On Wed, Apr 6, 2011 at 2:38 PM, ZYWALEWSKI, DANIEL (DANIEL) <
daniel.zywalewski@alcatel-lucent.com> wrote:

> Hello Champions !!
>
> I have a problem with indexation(or should I say its time); So the elements
> to Index are represtented by my own class - DocumentToIndex that consists of
> Fields(one Field is a fieldName and fieldValue). All documentToIndex are
> kept/stocked in ArrayList. When I start indexing firstly I open IndexWriter
> then for each field of documentToIndex I take its value and name and I
> create Lucene Field then added to the LuceneDocument; Once it's finished
> (creation of LuceneDocument I add it to index).
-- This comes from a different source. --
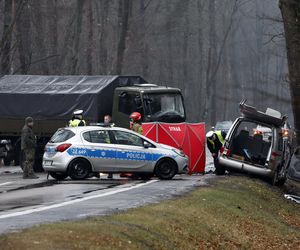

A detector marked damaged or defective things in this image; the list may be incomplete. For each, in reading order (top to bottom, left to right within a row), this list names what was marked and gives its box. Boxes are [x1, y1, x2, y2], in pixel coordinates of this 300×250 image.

After passing all documents
> I close IndexWriter; All this can be represented by code:
>
>
> indexWriter = new IndexWriter(indexDirectory, indexAnalyzer, false,
> IndexWriter.MaxFieldLength.UNLIMITED);
>
>      for (DocumentToIndex documentToIndex : objectsToIndex) {
>        Document indexedDocument = new Document();
>        for (int i = 0; i < documentToIndex.getDocumentSize(); i++) {
>
>          indexedDocument.add(new
> Field(documentToIndex.getDocumentField(i).getName(),
>
>  documentToIndex.getDocumentField(i).getValue(), Field.Store.YES,
>                                        Field.Index.ANALYZED));
>        }
>
>        indexWriter.addDocument(indexedDocument);
>
>      }
>
> indexWriter.close()
>
> My problem is that it takes much time to index. For example to index 28310
> documentToIndex I need about 15min. Do I miss something or it's normal?
> Maybe this code is not really optimized? I'll be really grateful for any
> hints and tips;
>
> Thanks in advance,
> D
>
>